问题
I have one strange problem. I have following piece of code:
template<clss index, class policy>
inline int CBase<index,policy>::func(const A& test_in, int* srcPtr ,int* dstPtr)
{
int width = test_in.width();
int height = test_in.height();
double d = 0.0; //here is the problem
for(int y = 0; y < height; y++)
{
//Pointer initializations
//multiplication involving y
//ex: int z = someBigNumber*y + someOtherBigNumber;
for(int x = 0; x < width; x++)
{
//multiplication involving x
//ex: int z = someBigNumber*x + someOtherBigNumber;
if(soemCondition)
{
// floating point calculations
}
*dstPtr++ = array[*srcPtr++];
}
}
}
The inner loop gets executed nearly 200,000 times and the entire function takes 100 ms for completion. ( profiled using AQTimer)

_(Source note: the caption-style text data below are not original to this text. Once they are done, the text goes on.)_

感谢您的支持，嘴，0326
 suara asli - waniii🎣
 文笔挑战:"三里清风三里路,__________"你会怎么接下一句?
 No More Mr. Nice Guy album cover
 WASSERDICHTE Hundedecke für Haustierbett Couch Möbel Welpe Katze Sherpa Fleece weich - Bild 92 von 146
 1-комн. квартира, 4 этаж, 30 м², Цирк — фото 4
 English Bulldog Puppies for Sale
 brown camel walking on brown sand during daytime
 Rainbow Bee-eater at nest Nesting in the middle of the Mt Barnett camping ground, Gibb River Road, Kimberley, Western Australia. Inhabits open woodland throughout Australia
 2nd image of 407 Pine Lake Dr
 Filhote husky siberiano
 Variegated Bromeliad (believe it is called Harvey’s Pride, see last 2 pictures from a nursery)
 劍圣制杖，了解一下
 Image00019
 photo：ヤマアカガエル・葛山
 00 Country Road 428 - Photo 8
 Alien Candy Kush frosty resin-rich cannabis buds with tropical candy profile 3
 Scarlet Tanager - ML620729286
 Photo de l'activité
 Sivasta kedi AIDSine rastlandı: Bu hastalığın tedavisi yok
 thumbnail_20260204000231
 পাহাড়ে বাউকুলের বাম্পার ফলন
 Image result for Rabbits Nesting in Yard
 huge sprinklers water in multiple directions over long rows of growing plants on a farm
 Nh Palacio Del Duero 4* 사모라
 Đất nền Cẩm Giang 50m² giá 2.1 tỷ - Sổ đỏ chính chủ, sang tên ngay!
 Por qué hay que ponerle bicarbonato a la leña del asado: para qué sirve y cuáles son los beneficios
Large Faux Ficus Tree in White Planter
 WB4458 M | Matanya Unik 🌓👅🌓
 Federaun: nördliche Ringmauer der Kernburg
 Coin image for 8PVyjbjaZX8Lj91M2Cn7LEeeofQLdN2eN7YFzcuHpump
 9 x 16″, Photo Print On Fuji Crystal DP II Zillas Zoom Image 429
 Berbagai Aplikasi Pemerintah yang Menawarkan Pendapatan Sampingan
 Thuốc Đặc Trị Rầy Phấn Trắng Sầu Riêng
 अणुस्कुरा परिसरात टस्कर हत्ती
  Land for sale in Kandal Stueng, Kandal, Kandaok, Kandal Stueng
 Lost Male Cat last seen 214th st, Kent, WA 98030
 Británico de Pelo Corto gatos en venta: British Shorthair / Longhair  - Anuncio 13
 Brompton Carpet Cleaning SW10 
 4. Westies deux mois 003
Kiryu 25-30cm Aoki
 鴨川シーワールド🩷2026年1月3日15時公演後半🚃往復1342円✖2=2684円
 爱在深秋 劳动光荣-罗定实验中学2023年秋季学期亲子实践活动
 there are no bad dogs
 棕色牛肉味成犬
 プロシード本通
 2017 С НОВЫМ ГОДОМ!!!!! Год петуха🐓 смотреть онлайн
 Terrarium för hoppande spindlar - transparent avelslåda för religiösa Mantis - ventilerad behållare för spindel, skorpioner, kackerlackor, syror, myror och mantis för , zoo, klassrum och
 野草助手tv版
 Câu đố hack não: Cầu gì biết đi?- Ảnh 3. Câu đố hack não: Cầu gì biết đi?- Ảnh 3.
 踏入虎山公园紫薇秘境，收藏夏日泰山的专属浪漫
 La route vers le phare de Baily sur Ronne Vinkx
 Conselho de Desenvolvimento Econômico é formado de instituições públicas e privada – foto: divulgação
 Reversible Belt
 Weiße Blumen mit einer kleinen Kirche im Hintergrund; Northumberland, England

I found an unused variable double d = 0.0;
outside the outer loop and removed the same. After this change, suddenly the method is taking 500ms for the same number of executions. ( 5 times slower).
This behavior is reproducible in different machines with different processor types. (Core2, dualcore processors).
I am using VC6 compiler with optimization level O2
.
Follwing are the other compiler options used :
-MD -O2 -Z7 -GR -GX -G5 -X -GF -EHa
I suspected compiler optimizations and removed the compiler optimization /O2
. After that function became normal and it is taking 100ms as old code.
Could anyone throw some light on this strange behavior?
Why compiler optimization should slow down performance when I remove unused variable ?
Note: The assembly code (before and after the change) looked same.
回答1:
If the assembly code looks the same before and after the change the error is somehow connected to how you time the function.
回答2:
VC6 is buggy as hell. It is known to generate incorrect code in several cases, and its optimizer isn't all that advanced either. The compiler is over a decade old, and hasn't even been supported for many years.
So really, the answer is "you're using a buggy compiler. Expect buggy behavior, especially when optimizations are enabled."
I don't suppose upgrading to a modern compiler (or simply testing the code on one) is an option?
Obviously, the generated assembly can not be the same, or there would be no performance difference.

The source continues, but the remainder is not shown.